Zelaya arrived in New York Tuesday morning from Nicaragua at the invitation of GA President Miguel d'Escoto Brockmann, a formerNicaraguan foreign minister, just hours before his address to the 192-member body, said a spokesman for d'Escoto, Enrique Yeves.

"Thursday I will be returning" to Tegucigalpo, capital of Honduras, Zelaya told reporters after the speech. "Miguel d'Escoto,the president of the GA, has said that he is going to travel with me to our capital. Today, Cristina Kirchner, president of Argentina, said she will accompany me on the aircraft. The secretary-general of the Organization of American States, Miguel Insulza, will be with me. President Rafael Correa of Ecuador will accompany me on the airplane. So, this is a struggle of all of us."

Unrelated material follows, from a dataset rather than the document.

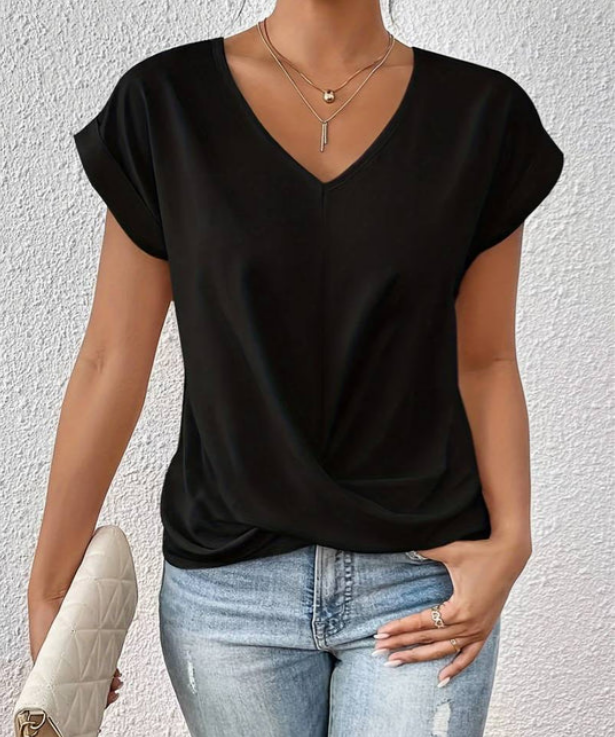 CHLOE | Versatile Draped V-neck Blouse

The exile "arrived this morning and went to the hotel to changeclothes," said Yeves. "When the president heard he was going to Washington for the OAS meeting he was invited here."

Zelaya left later in the day for Washington.

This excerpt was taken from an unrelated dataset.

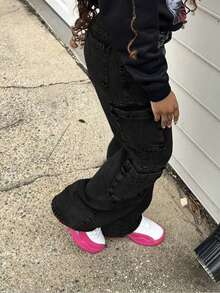 Quần jean ống rộng nhiều túi phong cách đường phố Y2K dành cho nữ có túi nắp - màu đen - Xem 4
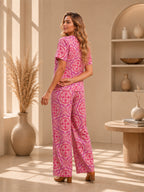 Women's Printed Linen Cotton Night Suit Co-ord Set | Half Sleeve Top & Full-Length Pyjama | Soft & Breathable Sleepwear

The garrulous Zelaya, wearing an over-size dark and shining suit he adjusted as he spoke, sometimes leaning casually on the dark green podium, welcomed a resolution the GA had just passed which condemned the coup d'etat and demanded restoration of a constitutional government. He said it expressed the indignation of the people of Honduras.

"This resolution is historic," he said. "It is significant and it will empower every last citizen of the world."

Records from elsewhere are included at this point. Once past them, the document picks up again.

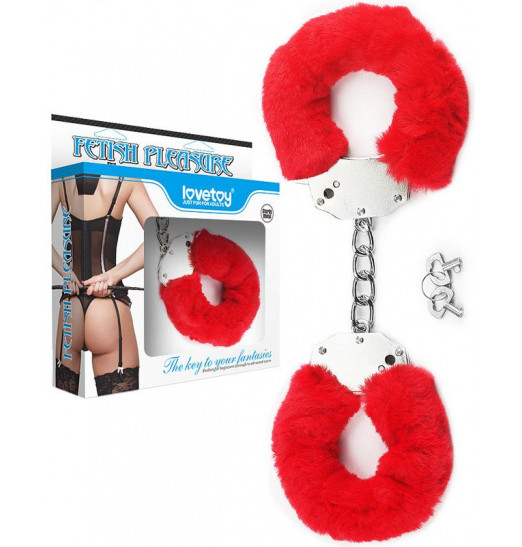 Наручники в красной меховой опушке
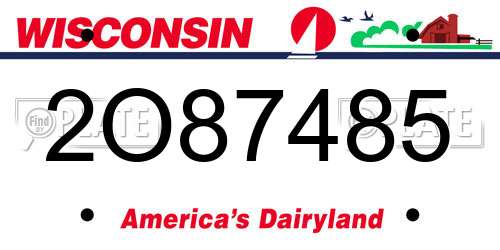 2O87485 Wisconsin License Plate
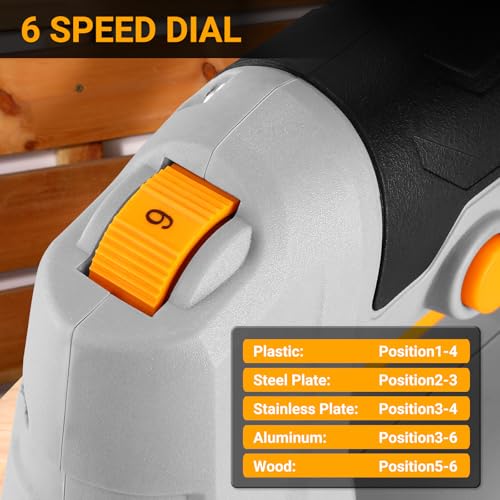 Electric Jigsaw: DEKOPRO 400W Wood Saw Jigsaw Reciprocating Jigsaws, 6 Variable Speeds 0-3000 SPM, ±45° Inclined Cut with 8 Blades for Wood, Metal and Plastic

Zelaya welcomed the support by regional groups from the Americas to Europe, which all condemned the military coup.

He listed names of scores of head of states from Latin America and elsewhere and international figures who had telephoned him of their support.

"There always are those who wish to protect the status quo," Zelaya said. "It is always difficult to bring about change. The United Nations is one such instrument to uphold democracy and freedom. I would like to applaud this organization. Thank you all."

While "a number of charges" had been leveled against him, he pointed out: "I have not been put on trial. Nobody has told me what my crime is. No accusations have been brought to my attention by a judge."

Zelaya recalled he was elected in 2005 to a four-year term beginning in 2006 and intends to finish his term.

"I never thought I would have to hark back to the old days," he said, referring to the Cold War era when Latin America was rife with rebellion and putsch.

Zelaya has been accused with attempting to engineer the possibility of another term, forbidden by the present Constitution, seeking out a vote that was to have occurred on Sunday, which the army balked at when asked to distribute ballot boxes.

"I sought to launch a public survey," he said.

His opponents alleged "this constituted a crime," Zelaya said. "The law is not binding. It's comparable to Gallup Polls, a polling entity. They are surveys that are used to take the temperature of the public."

The poll never occurred.

"I was awoken by shouts, hammering at door below, screams," he said, his voice becoming emotionally charged. "These are moments I do not wish to remember. It breaks my heart to see humanity slide backwards."

As his eyes welled with tears, he recounted hearing rifle shots and attempting to telephone friends "to warn them of what was happening, and in particular a journalist who was in the area."

He said at least eight heavy rifles were pointed at his chest by soldiers in full combat gear, "Drop that mobile phone, or we will shoot," the men said.

"My mobile phone was ripped from my hand. 'If it is your order, shoot me,' I said. They grabbed my arms and said, 'we're taking you away.'"

Zelaya said he was in an airplane 15 minutes later and in Costa Rica 45 minutes after that.

"I was dumped at the airport still wearing my night clothes," he said.

The ousted president, at a news conference, said: "I have always said anyone who is afraid should not become a politician."